Такое наказание было достаточной редкостью, так что потом поселяне неделями не обсуждали между собой ничего другого, умудряясь описывать свист пощечины, длинно распространяться относительно оставленного пальцами следа на щеке, не сходившего целых три дня, и касательно век потерпевшего, которые уже более никогда не переставали моргать.
Близкие получившего пощечину приходили его навестить. Они усаживались вокруг него, но не близко, а у стен комнаты, и молчали, словно на похоронах. Это продолжалось, пока один из них не возвышал голос, замечая, что в случившемся нет позора. Кого не бил по щекам его собственный отец?

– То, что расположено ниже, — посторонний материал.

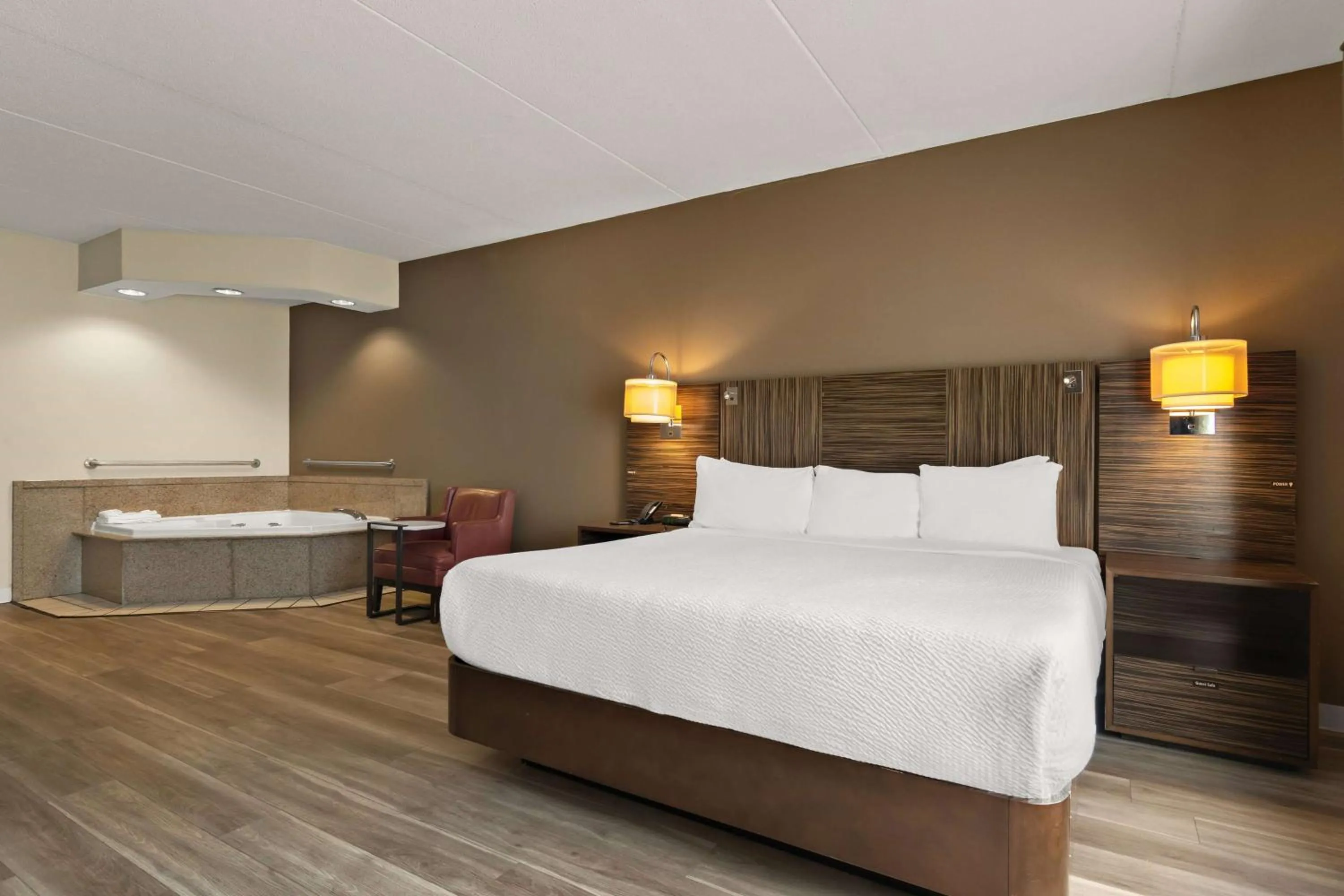 Photo of the whole room, Bed in Ramada by Wyndham Harrisburg/Hershey Area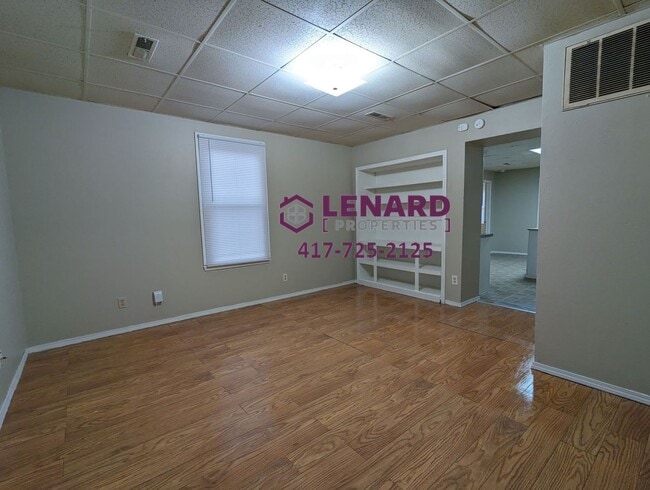 Photo - Walnut - Workizer Unit 1104 Walnut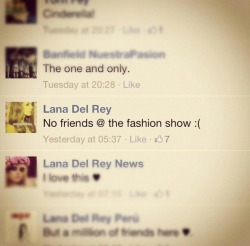 Jsuhn:  Lana Del Rey Attending A Fashion Show Alone In 2011. She Went On Her Facebook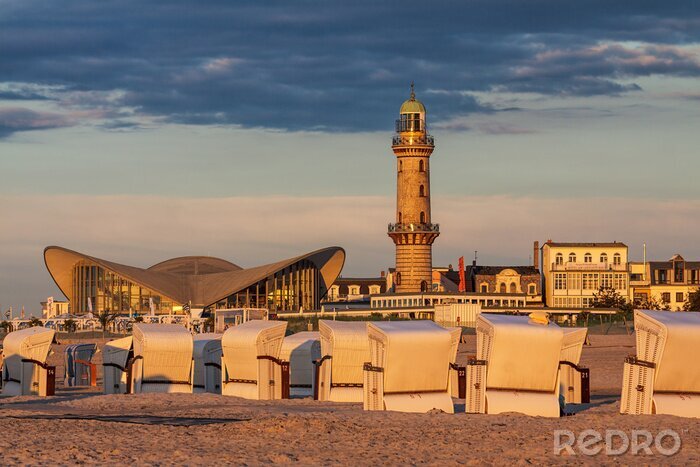 Papier peint  Phare delta de Warnow au soleil couchant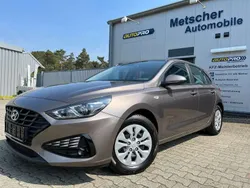 Silky bronze metallic Gebraucht 2021 Hyundai i30 Pure Limousine | 12.990 € (Superpreis)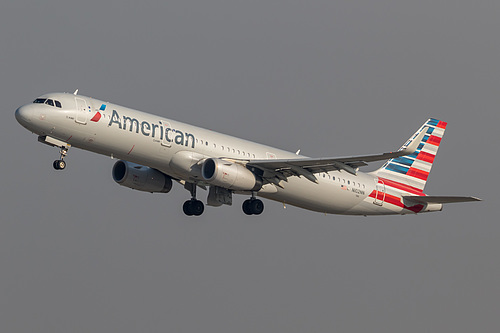 American Airlines Airbus A321-200 N102NN at Los Angeles International Airport (KLAX/LAX)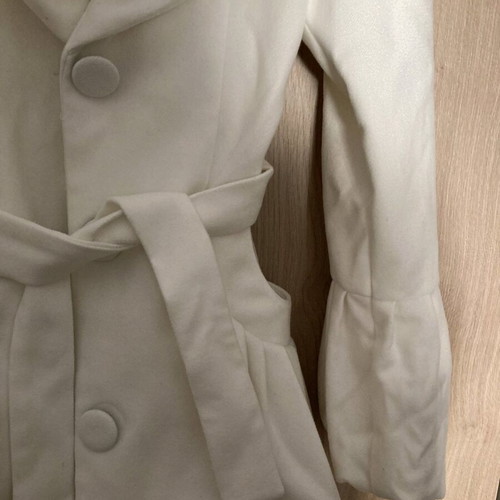 Bions White Coat like new, fits small size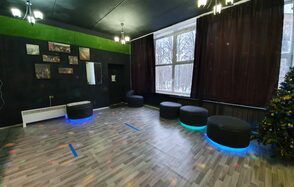 Черный лофт с большой барной стойкой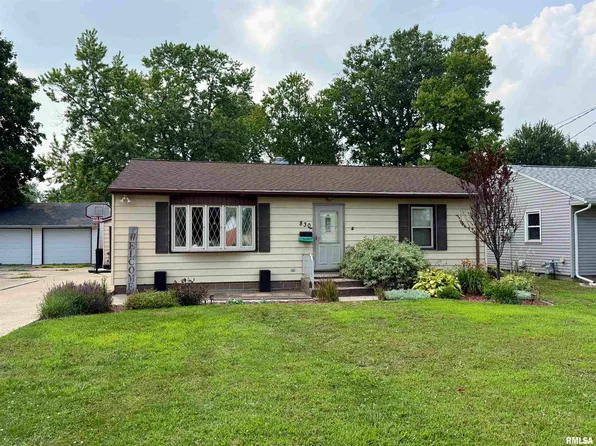 830 Olive St, Galesburg, IL 61401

Шейх желал, чтобы почтение к нему выражалось именно так. Обращаясь к жителям своих владений, называл их не иначе как «иабнэ!» («сын мой!») или «йа бинт!» («дочь моя!»). Он внушал себе, что с подданными его теснейшим и непосредственным образом связывают некие узы, а потому он вправе ожидать от них подчинения и почтения, а они от него — непременного и исключительного покровительства. Даже тогда, в начале девятнадцатого столетия, такого рода совершенный патернализм выглядел преувеличением, пережитком первоначальных веков невинности, но большинство селян приспособились к нему, а некоторые из их потомков еще вспоминали о нем не без ностальгии.